WHAT THIS TASK INVOLVES: Note on the material below: return exactly the lines from the line that holds "Apple fruit on" through the line that holds "silver decorative flower", and leave out each picture.

RECORDS TO PROCESS:
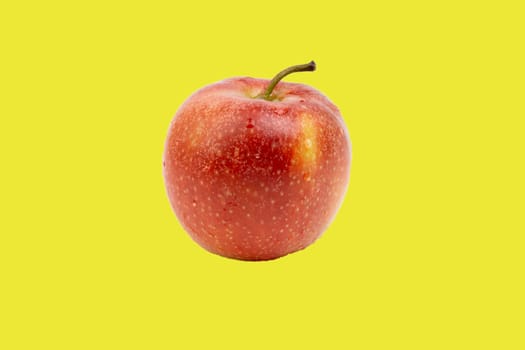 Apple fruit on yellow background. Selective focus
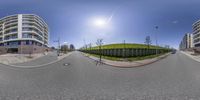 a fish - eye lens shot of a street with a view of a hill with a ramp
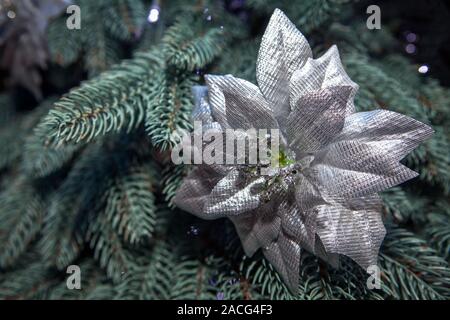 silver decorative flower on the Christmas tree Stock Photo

* * *

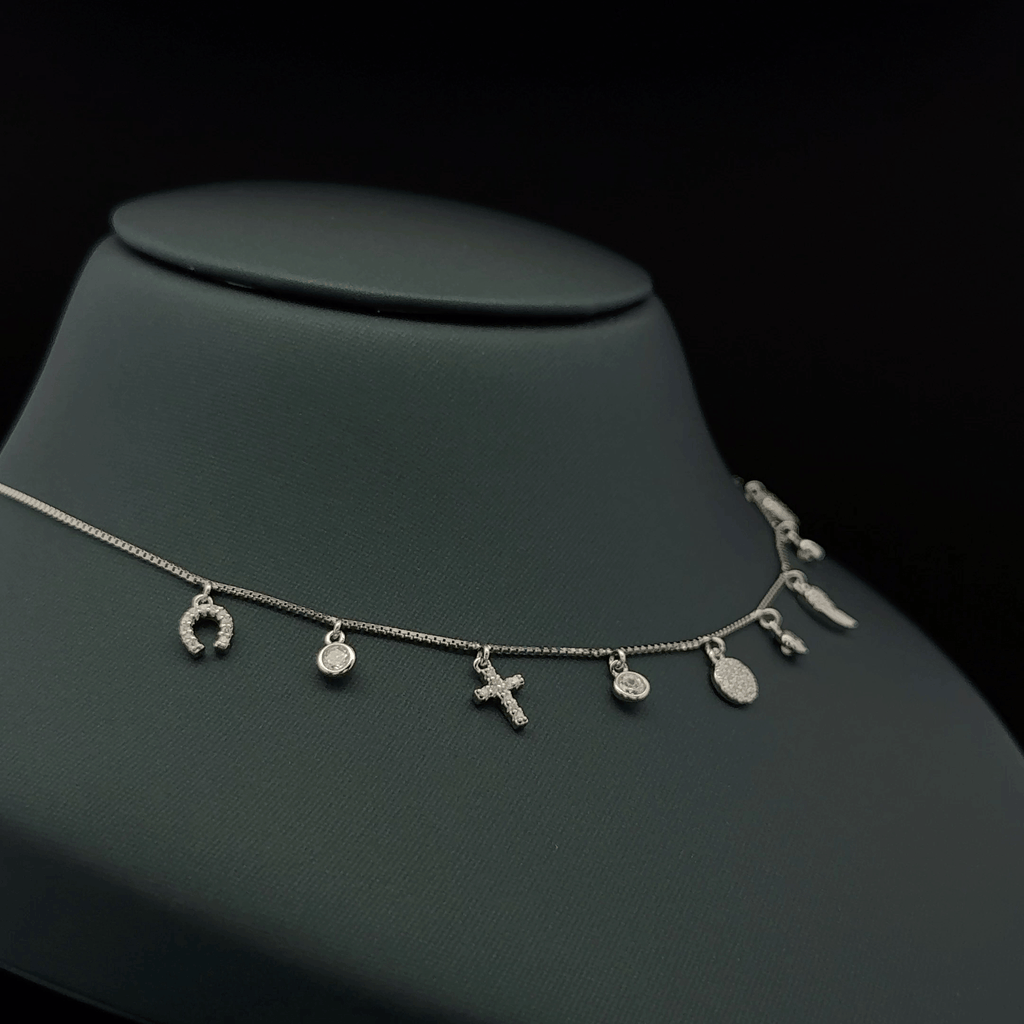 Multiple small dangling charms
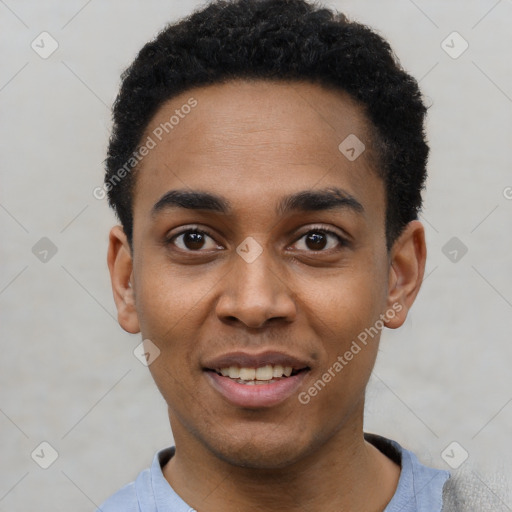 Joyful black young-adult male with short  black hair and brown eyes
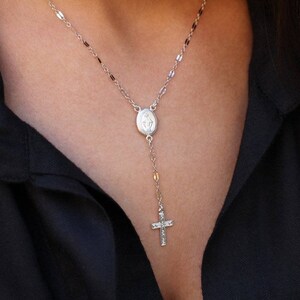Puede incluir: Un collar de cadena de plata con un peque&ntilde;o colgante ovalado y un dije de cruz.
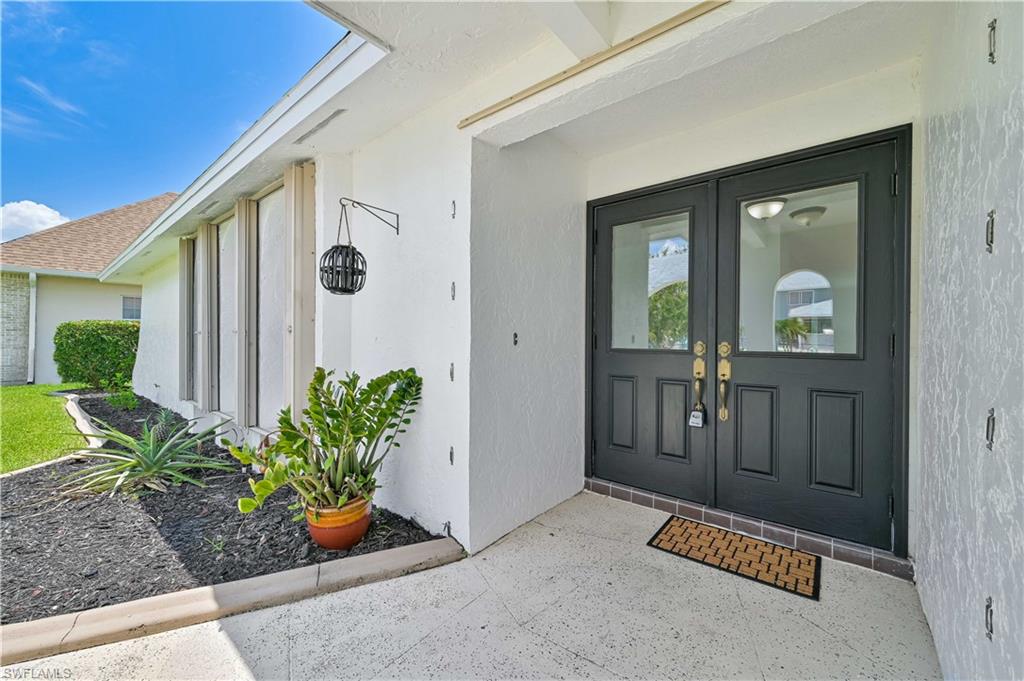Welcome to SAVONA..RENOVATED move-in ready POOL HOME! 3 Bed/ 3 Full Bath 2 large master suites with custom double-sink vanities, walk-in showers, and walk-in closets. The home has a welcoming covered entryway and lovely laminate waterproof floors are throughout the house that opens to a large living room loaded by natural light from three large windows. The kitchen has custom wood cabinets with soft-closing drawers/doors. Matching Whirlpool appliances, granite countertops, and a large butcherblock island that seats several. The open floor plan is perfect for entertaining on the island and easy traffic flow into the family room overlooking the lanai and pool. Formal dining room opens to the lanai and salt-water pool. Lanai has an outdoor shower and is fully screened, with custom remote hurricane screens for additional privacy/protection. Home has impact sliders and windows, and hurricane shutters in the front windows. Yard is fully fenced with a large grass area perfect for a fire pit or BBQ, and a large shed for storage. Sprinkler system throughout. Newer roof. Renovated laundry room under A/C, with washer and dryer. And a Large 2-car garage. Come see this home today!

--

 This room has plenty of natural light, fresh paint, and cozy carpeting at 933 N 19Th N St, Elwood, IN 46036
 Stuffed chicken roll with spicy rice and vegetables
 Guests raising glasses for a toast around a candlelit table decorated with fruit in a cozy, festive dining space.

YOUR SOLUTION:
 Apple fruit on yellow background. Selective focus
 a fish - eye lens shot of a street with a view of a hill with a ramp
 silver decorative flower on the Christmas tree Stock Photo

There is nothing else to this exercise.